More about how we accomplished this, and about the overall event, tomorrow. This morning I taught my workshop, ran an errand, then got over to the church to figure out some last-minute logistics on our show with my three scene partners, then performed the show seven times. As a miserable crow, this meant lots of running around and cawing on my part. After that, it’s now time for drinks. So tomorrow I’ll let you know what we did.

But here’s my favorite audience line of the evening. One of the people who came to see the show was an older gentleman who’s been following us around almost since our inception 18 years ago. I saw him in the first group that came in and later in the courtyard he was waiting to talk to me.

“Hi, Walter,” I said.

He looked at me and said, “Lee. I didn’t recognize you at first.”
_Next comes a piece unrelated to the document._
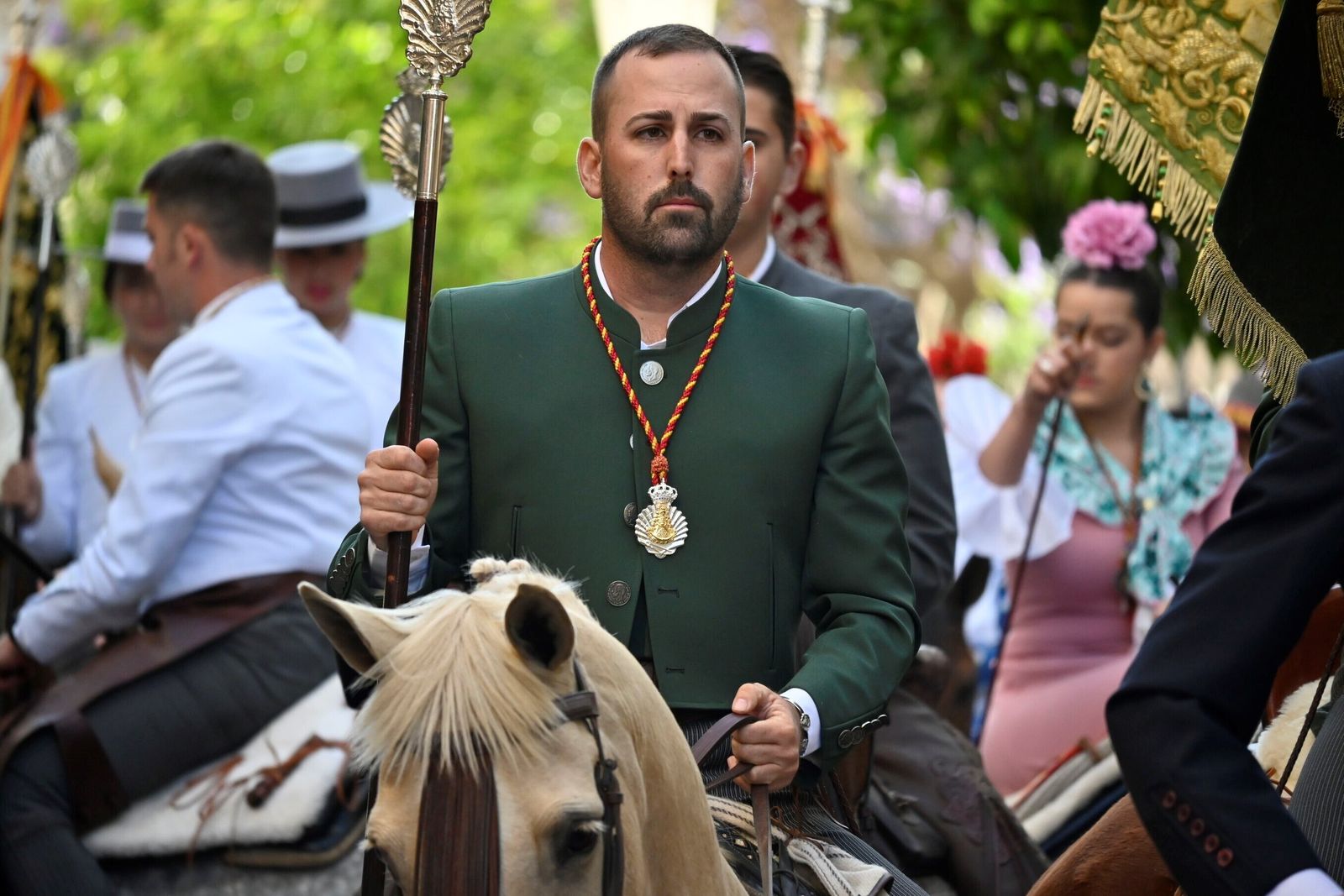 Imágenes de los peregrinos de la Hermandad de Emigrantes en su salida por las calles de Huelva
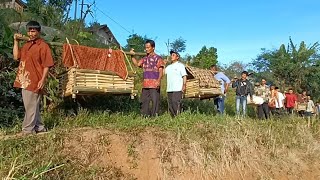 Pernikahan Viral Bawa 7 Dongdang & 500 M melewati Jalan Setapak Di Kampung Cihanjuang Garut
“Yeah. It’s a lot of makeup.”

“No,” he replied. “I think since last time I saw you you’ve put on weight.”

Today’s recommended video

June 17th, 2010

Stan Lee on last night’s Craig Ferguson show. It’s nine minutes long, but well worth watching all of it. Stan is loose and funny and vainglorious and quick-witted — all of which must have been central to his success, and which almost must have driven his collaborators (I’m sorry, co-creators), to drink.

If the suit fits

June 16th, 2010

Last week I had my new suit fitted by a tailor. I don’t think she did a good job:  the legs now ride too high and the waist is too expansive. But listening to this call in which President Johnson specifies precisely how he’d like his new pants to fit made me think that perhaps I wasn’t explicit enough. LBJ was someone who always knew exactly what he wanted, including extra room from the bunghole to the brass tacks.

Paying by the line

June 13th, 2010

Slate helps us understand why it cost Alvin Greene $10,440 to get on the South Carolina ballot.

Now if they could help us understand how an unemployed unknown who lives with his father came up with $10,440 — let alone winning the Democratic Senate primary —  they’d really be providing a public service.